**WHAT YOU WILL DO**. Beginning with the line that holds "Step two: blend" and ending with the last line below, repeat each line exactly, leaving any pictures out.

**MATERIAL PROVIDED**.
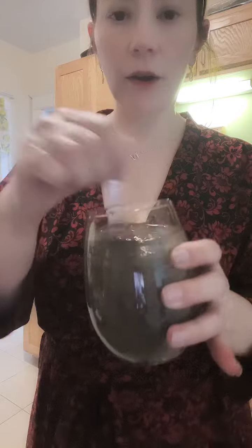Hey guys, what's up? I am home and I am mixing up my chia water because even though nothing's happened yet, this is day three of drinking chia water.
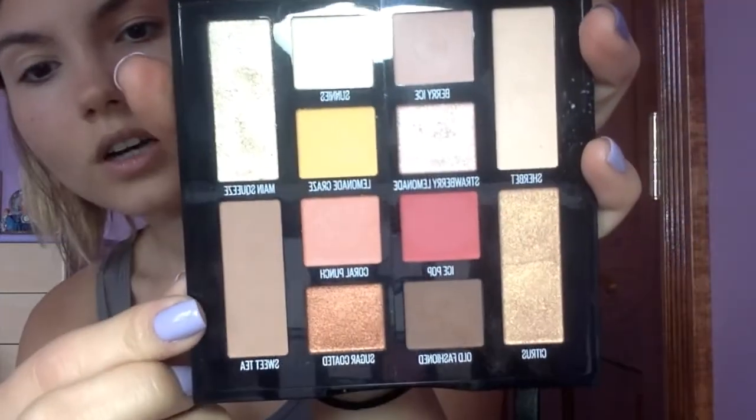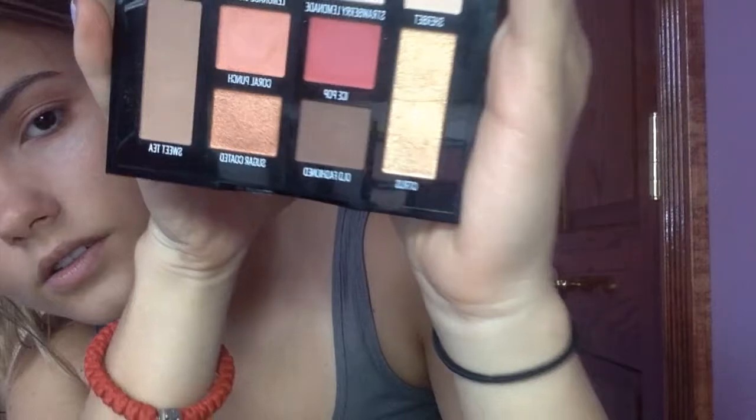Step two: blend Sweet Tea into the crease — Sweet Tea is my favorite drink! It's a light brown-colored eyeshadow, very pretty. These are the kinds of brown nude colors I use all the time all summer long. This brown is very subtle; it literally looks like my bronzer. Step three: shade Coral Punch to center lid and lower lash line — Coral Punch is this peachy coral color. Step four: apply Citrus into the inner corner. Then I'm going to go in with Old Fashioned to darken the line and make it look like I'm wearing eyeliner, just with eyeshadows, to make it bolder.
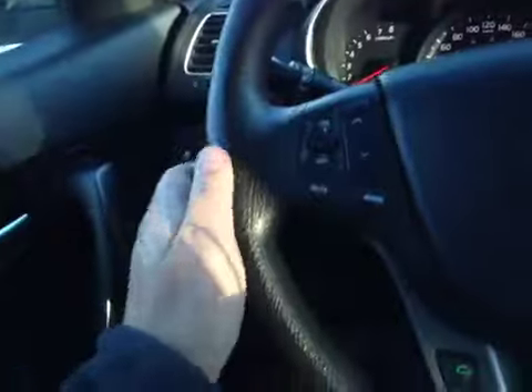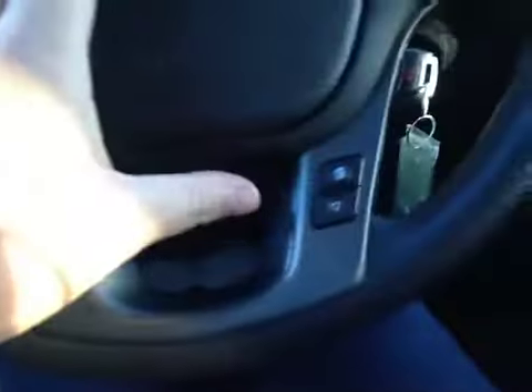On this leather-wrapped steering wheel we have your stereo sound system controls as well as your Bluetooth and your cruise control.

**RESPONSE**.
Step two: blend Sweet Tea into the crease — Sweet Tea is my favorite drink! It's a light brown-colored eyeshadow, very pretty. These are the kinds of brown nude colors I use all the time all summer long. This brown is very subtle; it literally looks like my bronzer. Step three: shade Coral Punch to center lid and lower lash line — Coral Punch is this peachy coral color. Step four: apply Citrus into the inner corner. Then I'm going to go in with Old Fashioned to darken the line and make it look like I'm wearing eyeliner, just with eyeshadows, to make it bolder.
On this leather-wrapped steering wheel we have your stereo sound system controls as well as your Bluetooth and your cruise control.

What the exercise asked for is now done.